Foster’s father uses a mobility scooter when he visits the university. He has trouble moving around campus due to the lack of ramps and elevators. And the ramps that have been added are often inconvenient and far apart.

“I sort of understand wanting to keep the prestige of a historical landmark,” Foster said. “But at the same time, we want a campus that is accessible for everyone.”

Both first year residence halls, Graham-Lees and Gaines, are now equipped with elevators to make the dorms accessible to disabled or injured students. And all six sorority houses have elevators.

But the Fraternity houses and the Woods Creek Apartments, which typically house sophomores, do not have elevators.

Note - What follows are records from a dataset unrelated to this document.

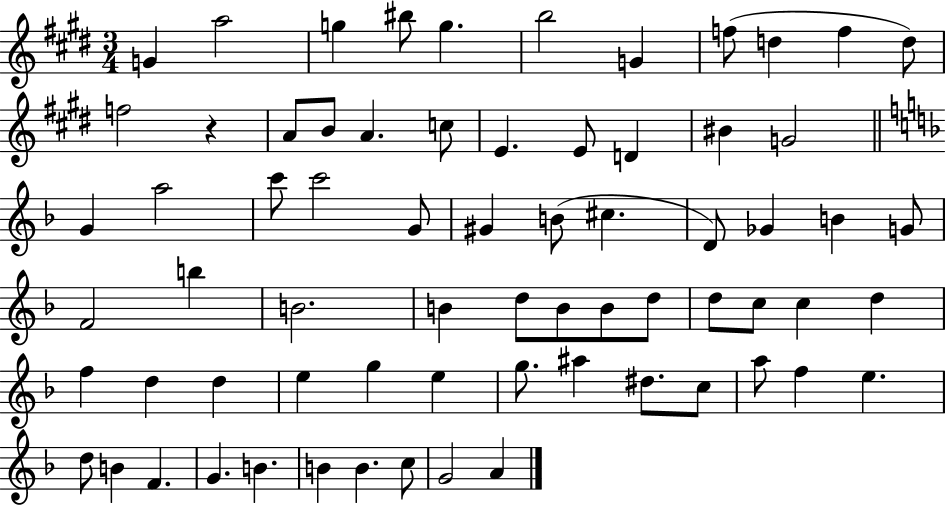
{
  \clef treble
  \numericTimeSignature
  \time 3/4
  \key e \major
  g'4 a''2 | g''4 bis''8 g''4. | b''2 g'4 | f''8( d''4 f''4 d''8) | \break f''2 r4 | a'8 b'8 a'4. c''8 | e'4. e'8 d'4 | bis'4 g'2 | \break \bar "||" \break \key f \major g'4 a''2 | c'''8 c'''2 g'8 | gis'4 b'8( cis''4. | d'8) ges'4 b'4 g'8 | \break f'2 b''4 | b'2. | b'4 d''8 b'8 b'8 d''8 | d''8 c''8 c''4 d''4 | \break f''4 d''4 d''4 | e''4 g''4 e''4 | g''8. ais''4 dis''8. c''8 | a''8 f''4 e''4. | \break d''8 b'4 f'4. | g'4. b'4. | b'4 b'4. c''8 | g'2 a'4 | \break \bar "|."
} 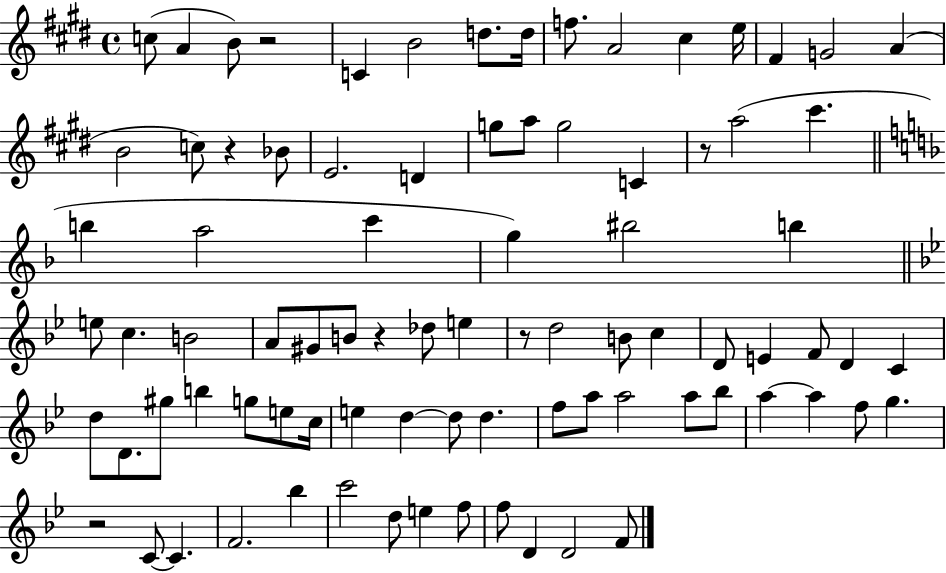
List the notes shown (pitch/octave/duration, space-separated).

C5/e A4/q B4/e R/h C4/q B4/h D5/e. D5/s F5/e. A4/h C#5/q E5/s F#4/q G4/h A4/q B4/h C5/e R/q Bb4/e E4/h. D4/q G5/e A5/e G5/h C4/q R/e A5/h C#6/q. B5/q A5/h C6/q G5/q BIS5/h B5/q E5/e C5/q. B4/h A4/e G#4/e B4/e R/q Db5/e E5/q R/e D5/h B4/e C5/q D4/e E4/q F4/e D4/q C4/q D5/e D4/e. G#5/e B5/q G5/e E5/e C5/s E5/q D5/q D5/e D5/q. F5/e A5/e A5/h A5/e Bb5/e A5/q A5/q F5/e G5/q. R/h C4/e C4/q. F4/h. Bb5/q C6/h D5/e E5/q F5/e F5/e D4/q D4/h F4/e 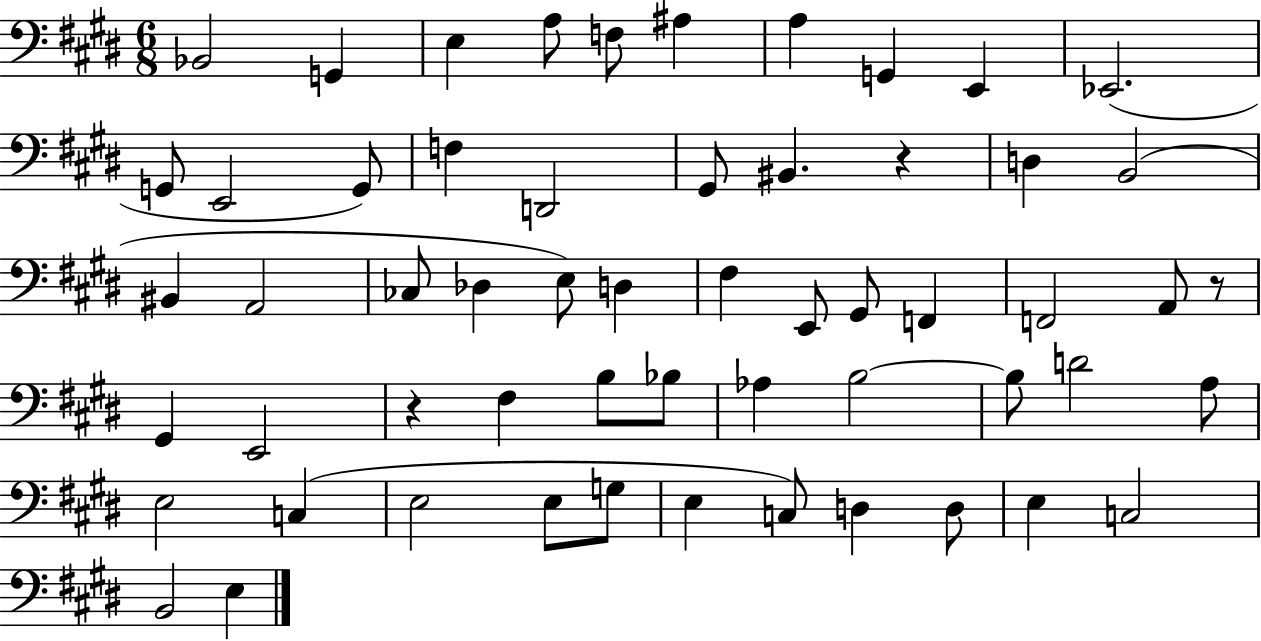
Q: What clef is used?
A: bass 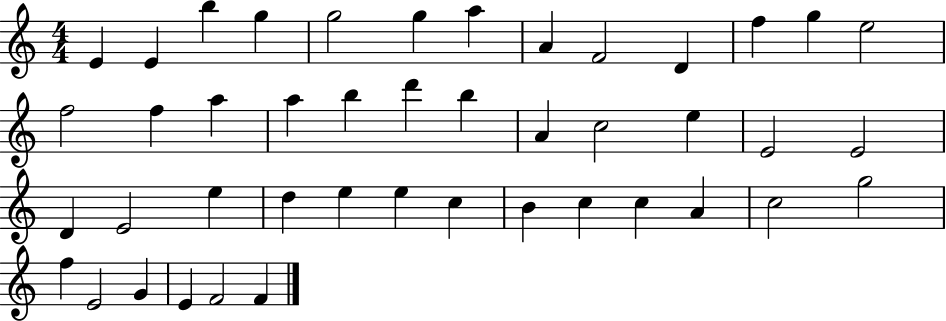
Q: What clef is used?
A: treble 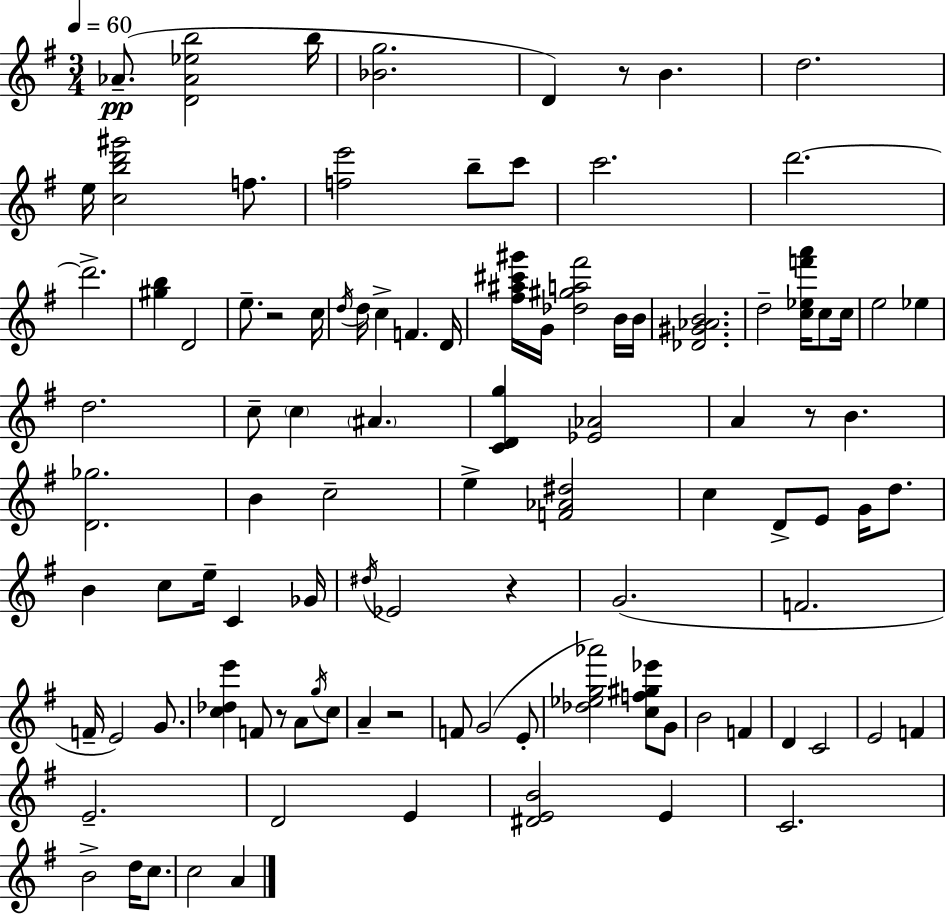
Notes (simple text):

Ab4/e. [D4,Ab4,Eb5,B5]/h B5/s [Bb4,G5]/h. D4/q R/e B4/q. D5/h. E5/s [C5,B5,D6,G#6]/h F5/e. [F5,E6]/h B5/e C6/e C6/h. D6/h. D6/h. [G#5,B5]/q D4/h E5/e. R/h C5/s D5/s D5/s C5/q F4/q. D4/s [F#5,A#5,C#6,G#6]/s G4/s [Db5,G#5,A5,F#6]/h B4/s B4/s [Db4,G#4,Ab4,B4]/h. D5/h [C5,Eb5,F6,A6]/s C5/e C5/s E5/h Eb5/q D5/h. C5/e C5/q A#4/q. [C4,D4,G5]/q [Eb4,Ab4]/h A4/q R/e B4/q. [D4,Gb5]/h. B4/q C5/h E5/q [F4,Ab4,D#5]/h C5/q D4/e E4/e G4/s D5/e. B4/q C5/e E5/s C4/q Gb4/s D#5/s Eb4/h R/q G4/h. F4/h. F4/s E4/h G4/e. [C5,Db5,E6]/q F4/e R/e A4/e G5/s C5/e A4/q R/h F4/e G4/h E4/e [Db5,Eb5,G5,Ab6]/h [C5,F5,G#5,Eb6]/e G4/e B4/h F4/q D4/q C4/h E4/h F4/q E4/h. D4/h E4/q [D#4,E4,B4]/h E4/q C4/h. B4/h D5/s C5/e. C5/h A4/q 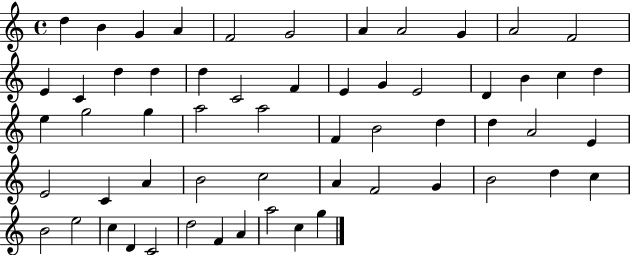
{
  \clef treble
  \time 4/4
  \defaultTimeSignature
  \key c \major
  d''4 b'4 g'4 a'4 | f'2 g'2 | a'4 a'2 g'4 | a'2 f'2 | \break e'4 c'4 d''4 d''4 | d''4 c'2 f'4 | e'4 g'4 e'2 | d'4 b'4 c''4 d''4 | \break e''4 g''2 g''4 | a''2 a''2 | f'4 b'2 d''4 | d''4 a'2 e'4 | \break e'2 c'4 a'4 | b'2 c''2 | a'4 f'2 g'4 | b'2 d''4 c''4 | \break b'2 e''2 | c''4 d'4 c'2 | d''2 f'4 a'4 | a''2 c''4 g''4 | \break \bar "|."
} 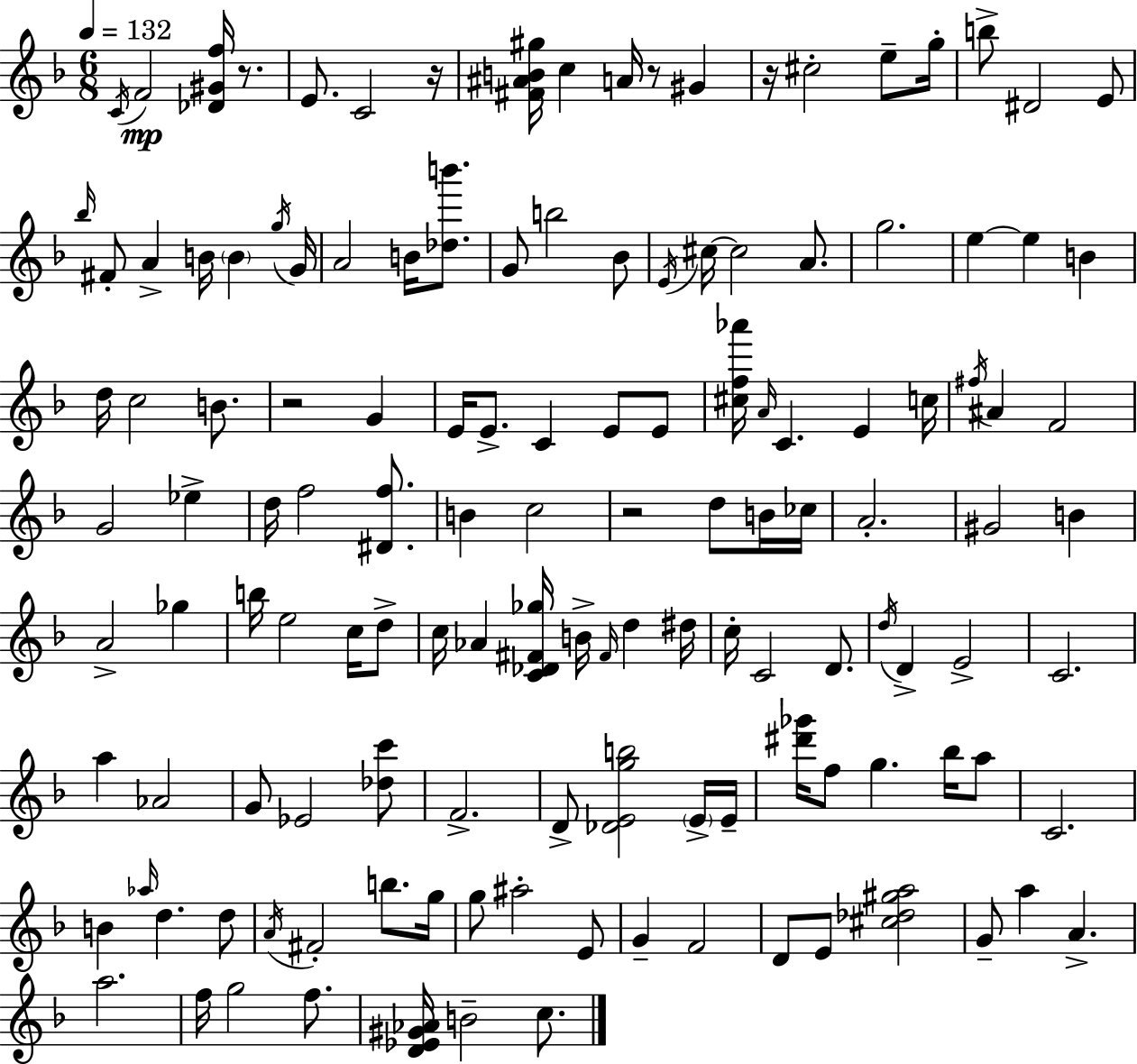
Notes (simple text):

C4/s F4/h [Db4,G#4,F5]/s R/e. E4/e. C4/h R/s [F#4,A#4,B4,G#5]/s C5/q A4/s R/e G#4/q R/s C#5/h E5/e G5/s B5/e D#4/h E4/e Bb5/s F#4/e A4/q B4/s B4/q G5/s G4/s A4/h B4/s [Db5,B6]/e. G4/e B5/h Bb4/e E4/s C#5/s C#5/h A4/e. G5/h. E5/q E5/q B4/q D5/s C5/h B4/e. R/h G4/q E4/s E4/e. C4/q E4/e E4/e [C#5,F5,Ab6]/s A4/s C4/q. E4/q C5/s F#5/s A#4/q F4/h G4/h Eb5/q D5/s F5/h [D#4,F5]/e. B4/q C5/h R/h D5/e B4/s CES5/s A4/h. G#4/h B4/q A4/h Gb5/q B5/s E5/h C5/s D5/e C5/s Ab4/q [C4,Db4,F#4,Gb5]/s B4/s F#4/s D5/q D#5/s C5/s C4/h D4/e. D5/s D4/q E4/h C4/h. A5/q Ab4/h G4/e Eb4/h [Db5,C6]/e F4/h. D4/e [Db4,E4,G5,B5]/h E4/s E4/s [D#6,Gb6]/s F5/e G5/q. Bb5/s A5/e C4/h. B4/q Ab5/s D5/q. D5/e A4/s F#4/h B5/e. G5/s G5/e A#5/h E4/e G4/q F4/h D4/e E4/e [C#5,Db5,G#5,A5]/h G4/e A5/q A4/q. A5/h. F5/s G5/h F5/e. [D4,Eb4,G#4,Ab4]/s B4/h C5/e.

While the apartments were renovated in the summer of 1996, no elevators were installed for students on crutches or in wheelchairs.

Sophia Benoit, ’18, needed hip surgery last summer. At the time, she lived in Gaines. But she was forced to wait to schedule her surgery until after the school-year ended.

“When I was going to get my hip surgery, I was going to be on crutches for six weeks,” Benoit said. “I had to wait until school was over because it was impossible for me to get around.”

Benoit had classes in Tucker Hall that semester and knew it would be difficult to make it to the higher floors. Earlier in the year, another student in Benoit’s Spanish Literature class broke her foot, and struggled getting to class.

“We were in Tucker on the fourth floor, and obviously there was no elevator there so she couldn’t get up the stairs,” Benoit said. “So we moved to the first floor of Reid instead.”

Hammad Ahmad, ‘19, is facing similar problems. He’s been using crutches since earlier this winter, when he sprained his ankle.

“I was given crutches [from the Health Center] immediately, and then it was kind of stressful for me,” Ahmad said.

Ahmad was injured on the Friday before exam week. His first final exam was the following day in the Tucker Multimedia Center, but he knew he could not get up the stairs with his sprained ankle. Ahmad emailed Dean of the College Wendy Price to change his exam location, and completed his Arabic final in Baker Hall, with the help of Public Safety.

“When it rains or snows, I just call public safety and they help me,” Ahmad said.

Newcomb Hall on the Colonnade faced restoration in the summer of 2010. The building now includes an elevator, a handicap accessible toilet, and automatic door openers.

Tucker Hall is the last building on the Colonnade scheduled for restoration. The building will include an elevator to improve accessibility for all students, according to wlu.edu.